An exact restatement of the data is required, with the images omitted.

→ RECORDED DATA:

++++++++++++++++++++

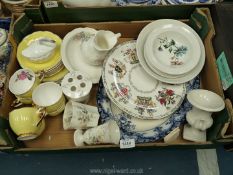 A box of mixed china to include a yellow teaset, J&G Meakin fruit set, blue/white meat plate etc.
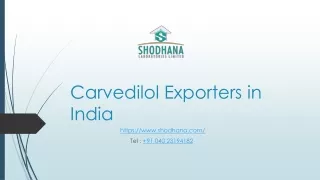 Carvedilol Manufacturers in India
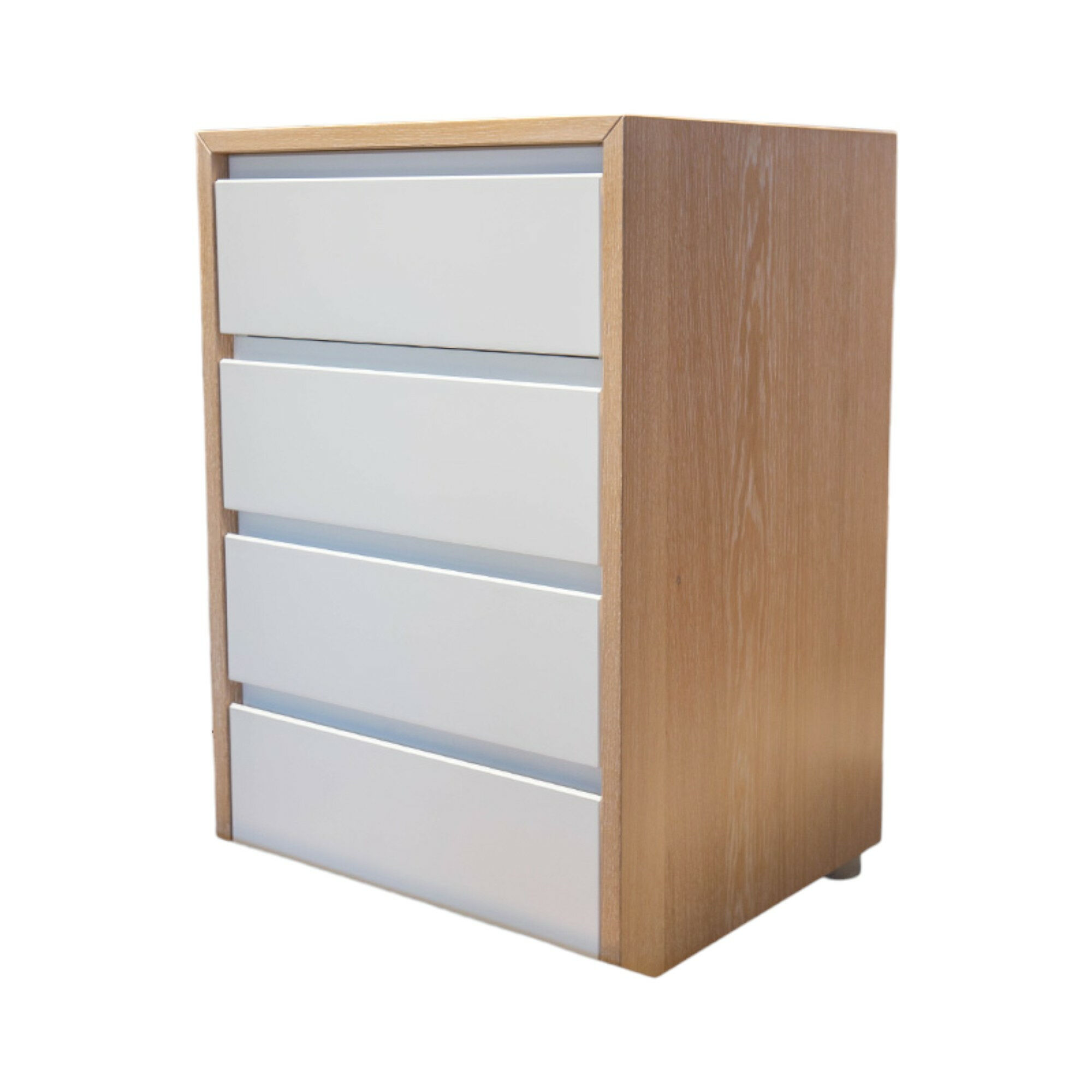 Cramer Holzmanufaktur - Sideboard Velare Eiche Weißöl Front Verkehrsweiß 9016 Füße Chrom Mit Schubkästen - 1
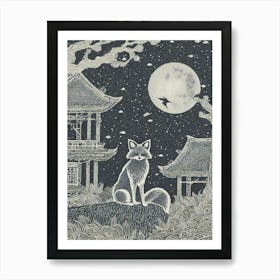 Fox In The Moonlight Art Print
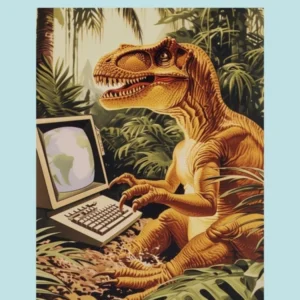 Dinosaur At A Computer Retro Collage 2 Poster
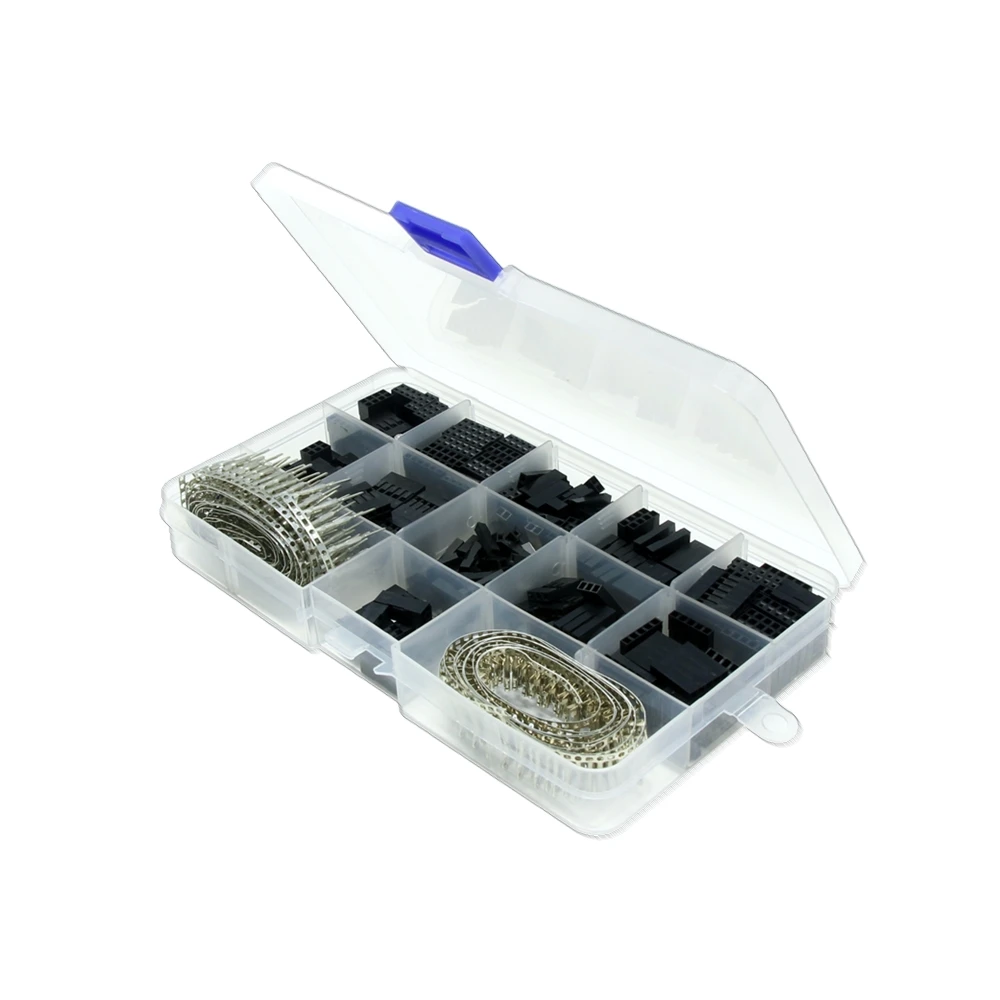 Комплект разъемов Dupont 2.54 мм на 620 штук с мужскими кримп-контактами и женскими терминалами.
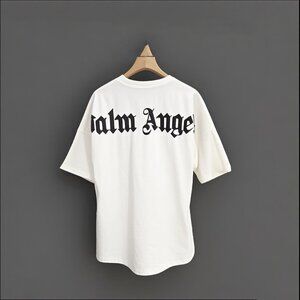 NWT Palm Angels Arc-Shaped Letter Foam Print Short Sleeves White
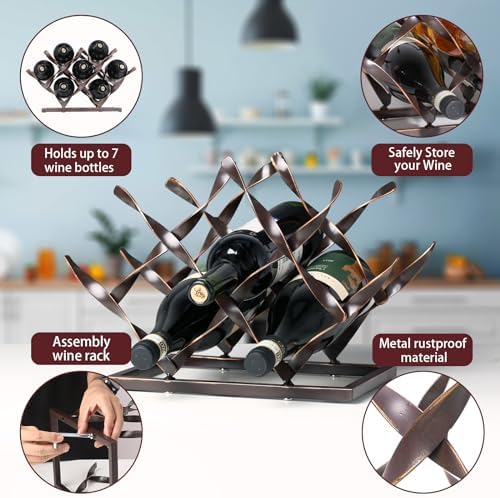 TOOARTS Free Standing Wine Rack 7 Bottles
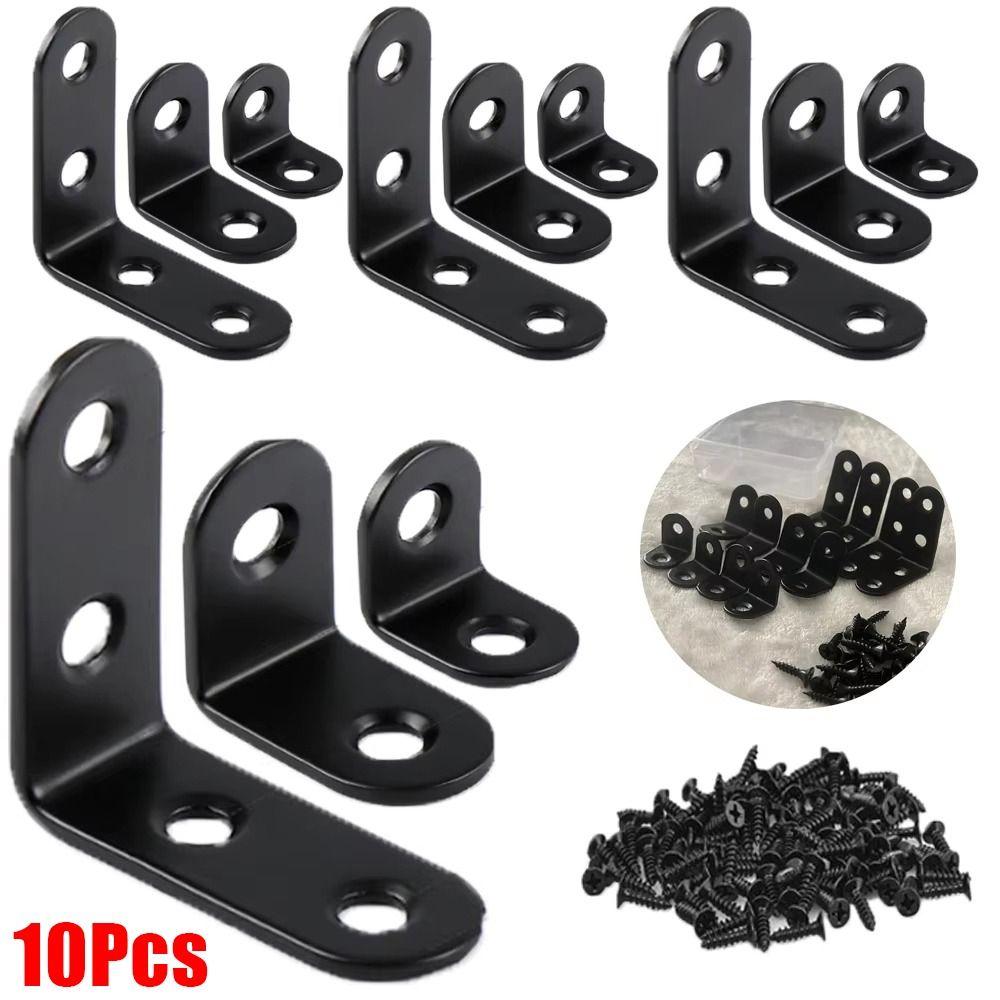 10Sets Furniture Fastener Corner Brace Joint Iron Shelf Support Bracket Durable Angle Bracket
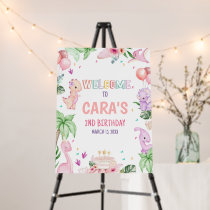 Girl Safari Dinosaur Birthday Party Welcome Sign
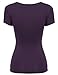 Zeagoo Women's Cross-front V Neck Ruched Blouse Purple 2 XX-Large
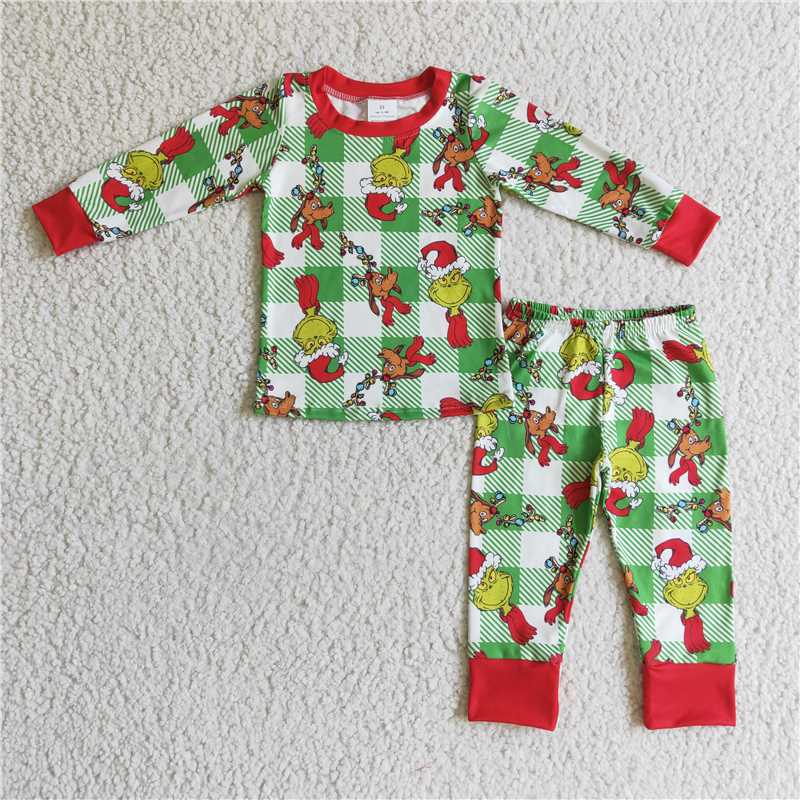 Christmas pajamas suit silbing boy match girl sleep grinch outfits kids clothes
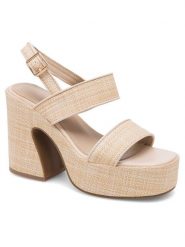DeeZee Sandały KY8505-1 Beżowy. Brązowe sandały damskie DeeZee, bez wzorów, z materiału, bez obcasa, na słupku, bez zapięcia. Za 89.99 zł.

++++++++++++++++++++

→ WRITTEN SOLUTION:
 A box of mixed china to include a yellow teaset, J&G Meakin fruit set, blue/white meat plate etc.
 Carvedilol Manufacturers in India
 Cramer Holzmanufaktur - Sideboard Velare Eiche Weißöl Front Verkehrsweiß 9016 Füße Chrom Mit Schubkästen - 1
 Fox In The Moonlight Art Print
 Dinosaur At A Computer Retro Collage 2 Poster
 Комплект разъемов Dupont 2.54 мм на 620 штук с мужскими кримп-контактами и женскими терминалами.
 NWT Palm Angels Arc-Shaped Letter Foam Print Short Sleeves White
 TOOARTS Free Standing Wine Rack 7 Bottles
 10Sets Furniture Fastener Corner Brace Joint Iron Shelf Support Bracket Durable Angle Bracket
 Girl Safari Dinosaur Birthday Party Welcome Sign
 Zeagoo Women's Cross-front V Neck Ruched Blouse Purple 2 XX-Large
 Christmas pajamas suit silbing boy match girl sleep grinch outfits kids clothes
DeeZee Sandały KY8505-1 Beżowy. Brązowe sandały damskie DeeZee, bez wzorów, z materiału, bez obcasa, na słupku, bez zapięcia. Za 89.99 zł.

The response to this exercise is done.